Now correct me if I’m wrong, but (and this is a theoretical question…):  when you want something that you don’t have….a)  do you go asking for it among people who don’t have any themselves, or b) among people who have lots of it to spare?

Hmmm. I wonder…. (finger on chin; one eye looking at the sky)  Should I ask those who have, … or those who don’t have….

Which makes Markell’s asking our Seniors to forgo their credit on school taxes allegedly to balance the budget, nonsensical..  Especially when the top 1% of Delawareans by simply adding a few lines to the tax code. can cough up $70 million a year… (enough to roughly fund 3 years of casino shortfalls) and not experience any loss of spendable cash,

So why would someone ignore those who COULD give, and threaten those who have NOTHING to give?  There are probably many reasons, but none meet the level of good straight forward reasoning… For if you truly want something, asking someone who doesn’t have it is absolutely pointless….

What Seniors don’t have, the 1% does have;  (that is why they are in the one percent.)

So, being theoretical again, wouldn’t it make great sense to turn the tables on Markell and actually go forward and spitefully raise the taxes on HIS friends, those in the top one percent, oh… let us say…. about the same percent that his tax hike would have hit Seniors pinching pennies on limited incomes… to around the percentage of a 100% increase….

So it would come out that on incomes over let us say, $100 million dollars, instead of the 6% they are currently assessed, (the exact same percent as someone earning $60,000) we would hit them with a 100% increase (another 6%)  and bump that owed amount to 12%…  We could then graduate the layers from 6% to 9% over a range of income levels.. and except for the rates on the top echelons, the percentages would still be lower than neighboring New Jersey.

This gives us $70 million in new revenue. Each and every year… We can even blow it on the casino’s if we want….

We need the General Assembly to respond to Markell’s challenge with a tax increase of this nature.   Now, the point is really not so much of whether it passes or not..  But the point is that by having a progressive coalition sponsor and at the very least, put it on the floor, (especially those who hail from districts where doing such would make them a cult hero for life, and cost them zero switched votes since no millionaire would ever vote for them anyway), it becomes a bone of contention, and a topic of conversation in letters-to-the-editor pages across this state; on Al Mascitti and Rick Jensen; on WDDE and other WGMD down south, and gets talked about on both sides…

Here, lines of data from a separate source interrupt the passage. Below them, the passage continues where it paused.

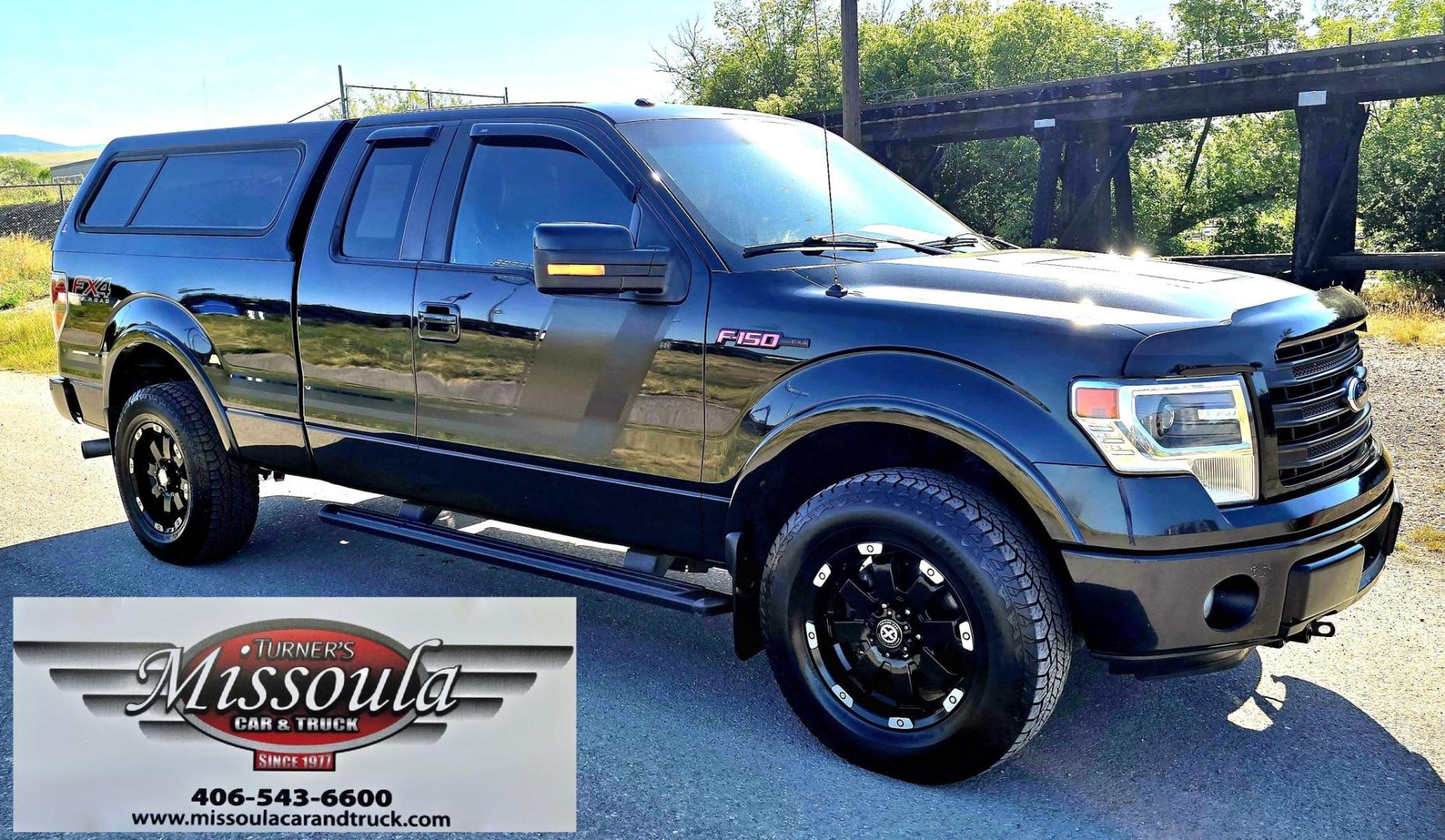 2014 Black /Black Ford F-150 FX4 SuperCab 6.5-ft. Bed 4WD (1FTFX1ET2EF) with an 3.5L V6 TURBO engine, 6-Speed Automatic transmission, located at 450 N Russell, Missoula, MT, 59801, (406) 543-6600, 46.874496, -114.017433 - Metallic Black 1/2 Ton 4WD. 3.5L V6 EcoBoost Engine. Excellent Condition. Leather Heated Seats. Power Front Seats. Power Sunroof. Air. Cruise. Tilt. Navigation. Backup Camera. AM FM SAT CD. Bluetooth. Running Boards. Towing. Nice Matching Topper. Fancy Custom Wheels. We Finance through local Cre - Photo#2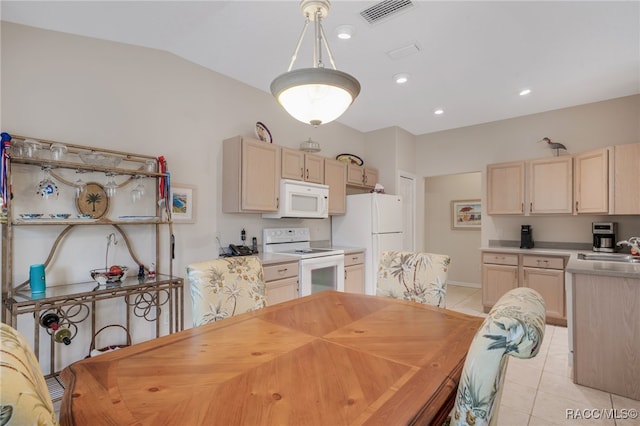 dining area featuring sink, vaulted ceiling, and light tile patterned flooring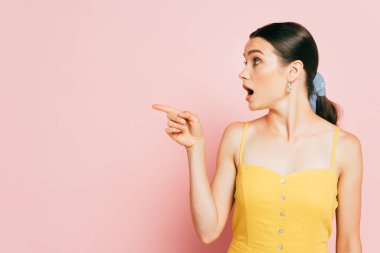 shocked brunette young woman pointing aside on pink clipart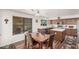 Inviting dining area adjacent to the kitchen, featuring a wood table and kitchen views at 194 E Canyon Creek Dr, Gilbert, AZ 85295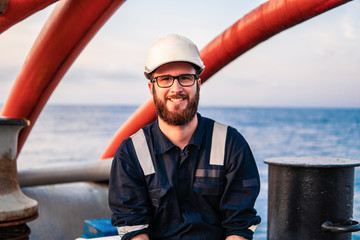 Deck Officer on deck of offshore vessel or ship , wearing PPE personal protective equipment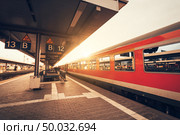Beautiful railway station with modern red commuter train at colorful sunset in Nuremberg, Germany. Railroad with vintage toning. Стоковое фото, агентство Ingram Publishing / Фотобанк Лори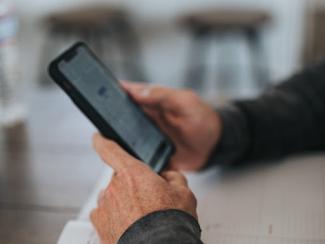 person holding a cell phone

Because there is a funny thing that always happens when good ideas get talked about in the open, and one can hear both sides.  They start to get followers.  And as more and more followers pile on, as more and more support for this bill becomes apparent..  as more people start supporting what appears to be a very common sensical means of pulling our society back together, of fixing the broken door jambs that have been stepped over too long, of repairing leaking cracks too long ignored across our aged infrastructure (in both physical and human capital), then Jack will rue the day he ever threatened Senior with tax hikes they could never pay…. while ignoring those who can easily pay 10, 15, 20, 30, 40 times the amounts we will be asking of them.

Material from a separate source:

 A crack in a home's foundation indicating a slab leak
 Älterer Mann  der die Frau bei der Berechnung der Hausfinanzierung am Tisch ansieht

And the idea that we have to cut back now on very essential stuff in what is now a richly growing economy,  all because we don’t have money when it is there, right in front of us, dangling for us to take it: is plain stupid.  Really…  Would YOU not cash in a winning Powerball ticket because you didn’t want Powerball LLC. to lose any money over you?   Somethings are smart. Some things are really dumb… Not cashing in a winning Powerball, or not raising the tax rates on the top one percent, are both…. about as equally dumb.

The point of placing this bill on the table, is that if we generate significant conversation and make a run at passing a 12% top state tax rate, or even just get that conversation out there, and get 500,000 Delawarean voter’s hopes up that yes, this legislature might finally do something responsible, and still fail by being one or two votes short… the very fact we did so helps it become far easier to have the General Assembly slip in and vote on the last day of session, a bill that raises the wealthy’s rates by 1%, or 2%, or 3%, or 4%…. And that, would be a godsend to Seniors…..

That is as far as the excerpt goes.